Don’t just think of the bank you already use. Look out for banks that are heavily promoting their business banking credentials at the moment, or have special offers on.

Whoever you apply to will ask for trading records, directors’ information (if you are a limited company) and will run a credit check on your business.

Be prepared for loan covenants

Some banks may insist on a covenant to cover their loan. That’s a series of terms you must adhere to, or they will demand immediate repayment of the loan.
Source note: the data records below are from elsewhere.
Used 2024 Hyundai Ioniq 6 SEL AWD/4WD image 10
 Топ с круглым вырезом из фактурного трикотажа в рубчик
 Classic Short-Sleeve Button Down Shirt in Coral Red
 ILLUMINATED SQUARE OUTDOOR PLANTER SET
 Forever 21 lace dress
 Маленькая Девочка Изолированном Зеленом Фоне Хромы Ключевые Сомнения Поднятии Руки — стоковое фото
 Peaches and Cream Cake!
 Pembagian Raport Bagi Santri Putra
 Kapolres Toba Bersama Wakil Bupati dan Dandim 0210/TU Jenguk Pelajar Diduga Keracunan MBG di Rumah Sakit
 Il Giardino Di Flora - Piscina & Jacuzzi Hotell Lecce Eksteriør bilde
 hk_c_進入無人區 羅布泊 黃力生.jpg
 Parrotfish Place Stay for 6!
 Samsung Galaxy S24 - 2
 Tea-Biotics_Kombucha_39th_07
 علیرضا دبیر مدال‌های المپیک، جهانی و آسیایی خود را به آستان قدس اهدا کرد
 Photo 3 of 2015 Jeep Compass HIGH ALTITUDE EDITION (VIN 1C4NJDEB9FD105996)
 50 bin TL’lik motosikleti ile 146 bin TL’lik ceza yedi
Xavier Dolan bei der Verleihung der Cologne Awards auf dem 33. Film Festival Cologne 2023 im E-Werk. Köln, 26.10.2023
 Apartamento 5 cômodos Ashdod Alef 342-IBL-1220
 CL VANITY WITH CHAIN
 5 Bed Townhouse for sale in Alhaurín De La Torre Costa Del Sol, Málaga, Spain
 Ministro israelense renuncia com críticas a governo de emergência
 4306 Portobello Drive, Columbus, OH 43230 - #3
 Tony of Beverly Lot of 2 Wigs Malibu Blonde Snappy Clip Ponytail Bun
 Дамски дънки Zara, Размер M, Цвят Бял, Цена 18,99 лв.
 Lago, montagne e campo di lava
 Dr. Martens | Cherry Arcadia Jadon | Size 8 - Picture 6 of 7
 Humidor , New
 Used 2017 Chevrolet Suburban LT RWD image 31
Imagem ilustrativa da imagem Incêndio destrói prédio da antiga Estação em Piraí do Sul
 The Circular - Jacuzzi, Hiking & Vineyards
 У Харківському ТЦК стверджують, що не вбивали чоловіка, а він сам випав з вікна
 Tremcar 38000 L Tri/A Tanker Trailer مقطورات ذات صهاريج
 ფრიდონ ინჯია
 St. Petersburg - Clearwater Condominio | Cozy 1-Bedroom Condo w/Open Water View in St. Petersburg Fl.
Typically these are common sense conditions such as maintaining a certain level of insurance, keeping any capital purchases you used the loan for, and ensuring a good cash flow.

Use the CAMPARI checklist

Finally, here’s a good checklist to ensure you have covered everything before your appointment with the bank. Some bankers use the drink “CAMPARI” for their list of requirements;

Character: Show you are a competent business leader with a good trading history in that sector and a sound management team

Ability: Show you will be able to repay the money

Means: Demonstrate you have the means and resources to run the business in a way the bank approves

Purpose: Be clear what the money is for and that you have thought it through

Amount: Demonstrate why you need that cash and how it will be spent

Repayment: Forecast your cash flow to show you can meet repayments

Insurance: Show you have removed risk from your business by taking adequate insurance to cover anything that could go wrong.